The Theodoric Of Saga
Theodoric's Ancestors
Theodoric's Boyhood
Totila



Theodoric's Boyhood








Inroad of the Huns--Their defeat by Walamir--Birth of Theodoric--War
with the Eastern Empire--Theodoric a hostage--Description of
Constantinople--Its commerce and its monuments.


The Ostrogoths had yet one or two battles to fight before they were
quite rid of their old masters. The sons of Attila still talked of them
as deserters and fugitive slaves, and a day came when Walamir found
himself compelled to face a sudden inroad of the Huns. He had few men
with him, and being taken unawares, he had no time to summon his
brethren to his aid. But he held his own bravely: the warriors of his
nation had time to gather round him; and at last, after he had long
wearied the enemy with his defensive tactics, he made a sudden onset,
destroyed the greater part of the Hunnish army, and sent the rest
scattered in hopeless flight far into the deserts of Scythia.[14]

[Footnote 14: Jordanes (cap. iii) says that the fugitive Huns sought
those parts of Scythia past which flow the streams of the river Dnieper
which the Huns in their own tongue call 'Var' (the river). If this is
correctly stated it is almost certain that it must describe some battle
which happened before the great Western migration of the Ostrogoths,
which was mentioned in the last chapter, for it would be impossible, if
the Gepidae were in Trans-danubian Hungary and the Ostrogoths in Pannonia
that the Ostrogoths should have driven the Huns into the countries
watered by the Dnieper. I am rather inclined to believe that this
reference of the battle to an earlier period may be the correct
explanation. But Danapri (Dnieper) may be only a blunder of Jordanes,
who is often hopelessly wrong in his geography.]
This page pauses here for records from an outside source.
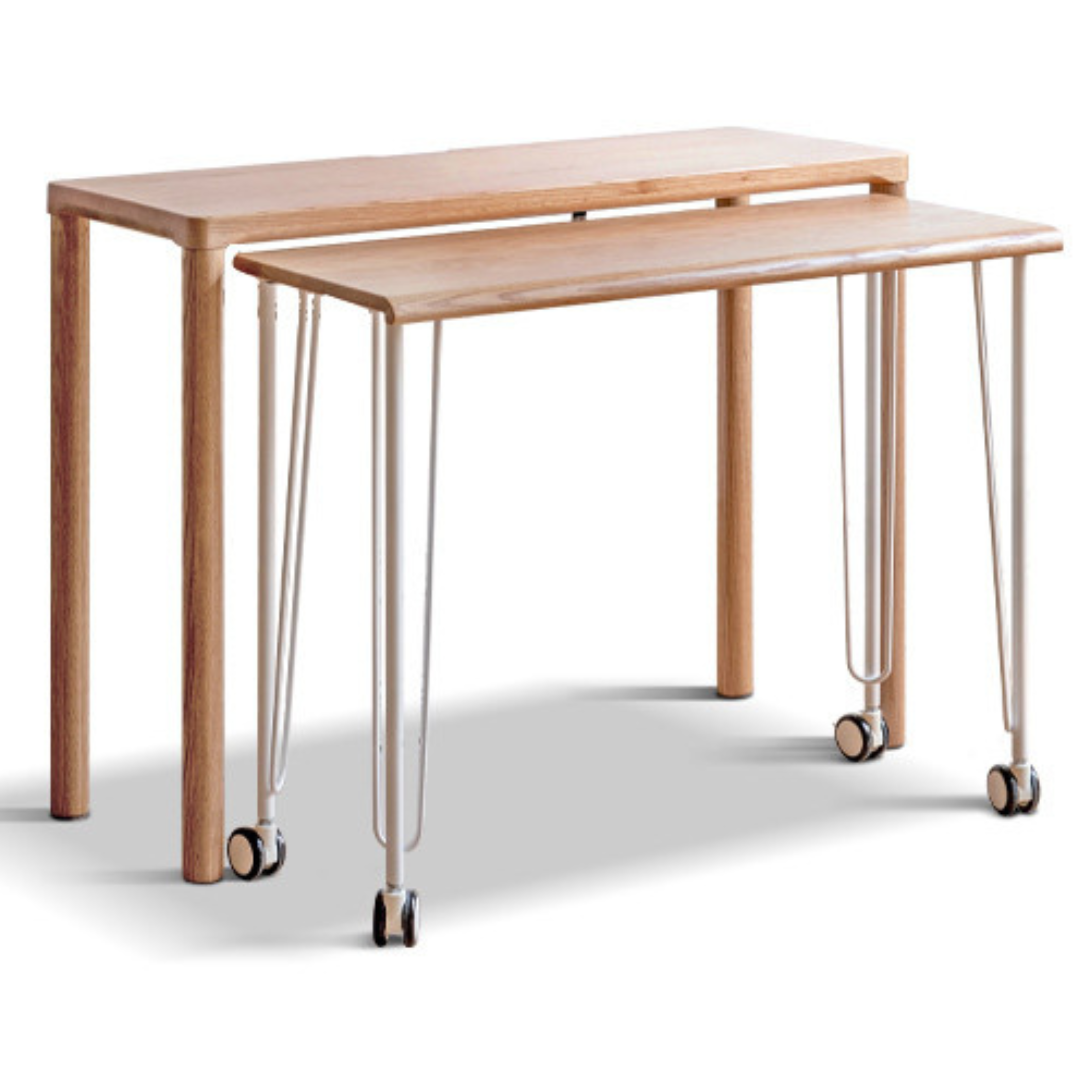 43.3x15.7x31.5 inch / 110x40x80сm / Natural Wood Color / double-layer desk without cord collection frame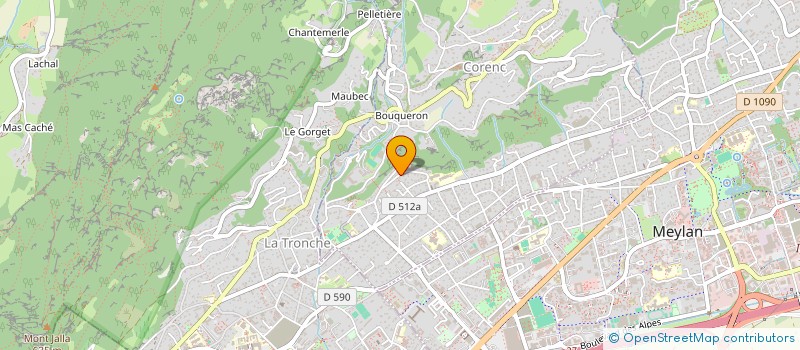 localisation de l'entreprise SCI DU 9 AVENUE DES VIGNES  CORENC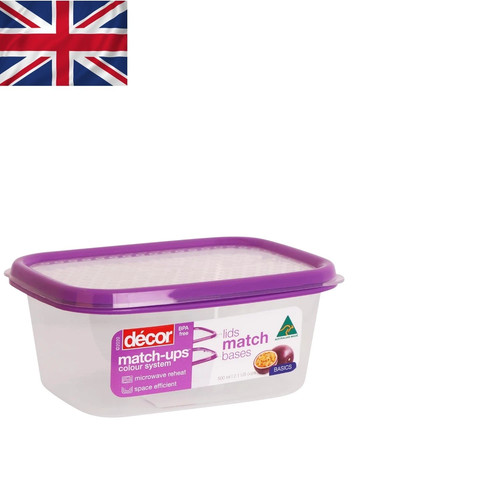 500ml oblong purple - oblong, food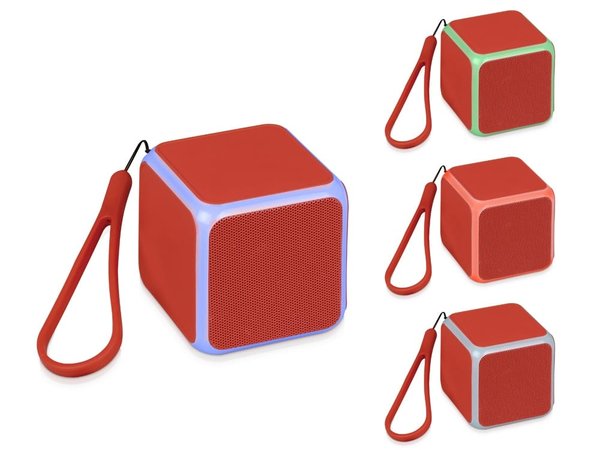 Портативная колонка «Cube» с подсветкой - Портативная колонка «Cube» с подсветкой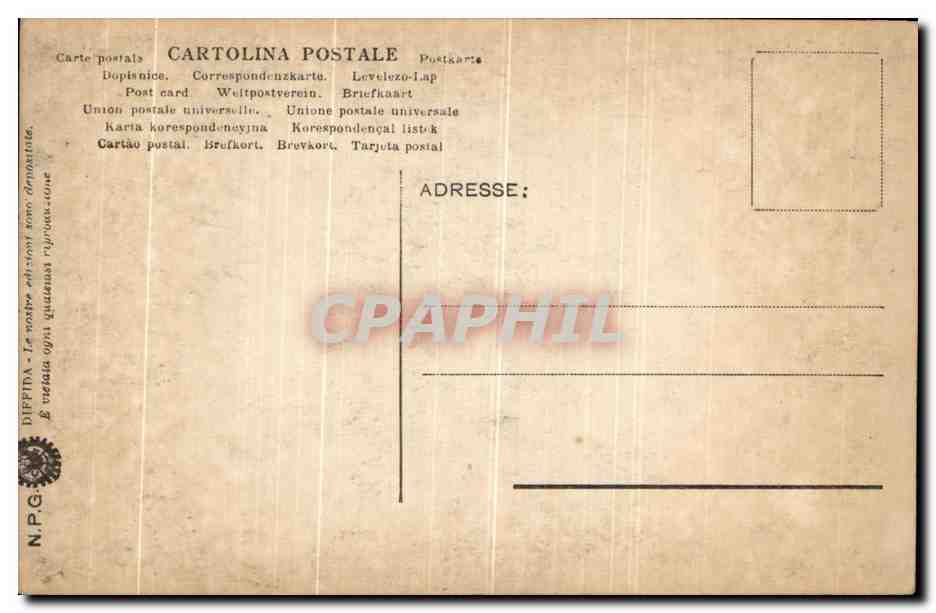 CPA Venezia aee Presentazione al Sacerdote Simeone Carpaccio — Verso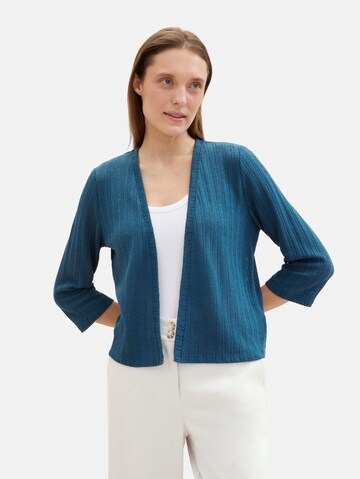 Cardigan TOM TAILOR en bleu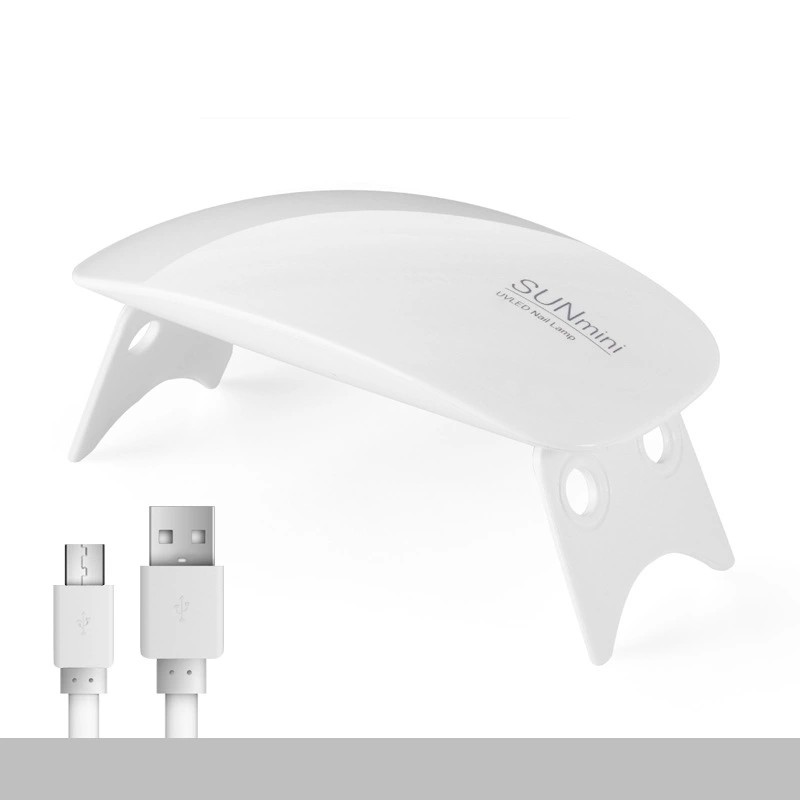 Đèn LED 6W sấy khô sơn gel móng UV kèm cáp USB tiện lợi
Walamir at once sent tidings of the victory to his brother Theudemir.
The messenger arrived at an opportune moment, for on that very day
Erelieva, the unwedded wife of Theudemir, had given birth to a
man-child. This infant, born on such an auspicious day and looked upon
as a pledge of happy fortunes for the Ostrogothic nation, was named
Thiuda-reiks (the people-ruler), a name which Latin historians,
influenced perhaps by the analogy of Theodosius, changed into
Theodoricus, and which will here be spoken of under the well-known form
THEODORIC.[15]


It will be observed that I have spoken of Erelieva as the unwedded wife
of Theudemir. The Gothic historian calls her his concubine,[16] but this
word of reproach hardly does justice to her position. In many of the
Teutonic nations, as among the Norsemen of a later century, there seems
to have been a certain laxity as to the marriage rite, which was
nevertheless coincident with a high and pure morality. It has been
suggested that the severe conditions imposed by the Church on divorces
may have had something to do with the peculiar marital usages of the
Teutonic and Norse chieftains. Reasons of state might require Theudemir
the Ostrogoth, or William Longsword the Norman, to ally himself some day
with a powerful king's daughter, and therefore he would not go through
the marriage rite with the woman, really and truly his wife, but
generally his inferior in social position, who meanwhile governed his
house and bore him children. If the separation never came, and the
powerful king's daughter never had to be wooed, she who was wife in all
but name, retained her position unquestioned till her death, and her
children succeeded without dispute to the inheritance of their father.
The nearest approach to an illustration which the social usages of
modern Europe afford, is probably furnished by the morganatic
marriages of modern German royalties and serenities: and we might say
that Theodoric was the offspring of such an union. Notwithstanding the
want of strict legitimacy in his position, I do not remember any
occasion on which the taunt of bastard birth was thrown in his teeth,
even by the bitterest of his foes.

It would be satisfactory if we could fix with exactness the great
Ostrogoth's birth-year, but though several circumstances point to 454
as a probable date, we are not able to define it with greater
precision.[17]

The next event of which we are informed in the history of the
Ostrogothic nation, a war with the Eastern Empire, was one destined to
exert a most important influence on the life of the kingly child, The
Ostrogoths settling in Pannonia, one of the provinces of the Roman
Empire, were in theory allies and auxiliary soldiers[18] of the Emperor.
Similar arrangements had been made with the Visigoths in Spain, with the
Vandals in that very province of Pannonia, probably with many other
barbarian tribes in many other provinces. There was sometimes more,
sometimes less, actual truth in the theoretical relations thus
established, and it was one which in the nature of things was not likely
long to endure: but for the time, so long as the Imperial treasury was
tolerably full and the barbarian allies tolerably amenable to control,
the arrangement suited both parties. In the case before us the position
of the Ostrogoths in Pannonia was legalised by the alliance, and such
portions of the political machinery of the Empire as might still remain
were thereby placed at their disposal. The Emperor, on the other hand,
was able to boast of a province recovered for the Empire, which was now
guarded by the broadswords of his loyal Ostrogoths against the more
savage nations outside, who were ever trying to enter the charmed
circle of the Roman State. But as the Ostrogothic foederati were his
soldiers, there was evidently a necessity that he must send them pay,
and this pay, which was called wages when the Empire was strong, and
tribute when it was weak, consisted, partly at any rate, of heavy chests
of Imperial aurei,[19] sent as strenae[20] or New Year's presents,
to the barbarian king and his chief nobles.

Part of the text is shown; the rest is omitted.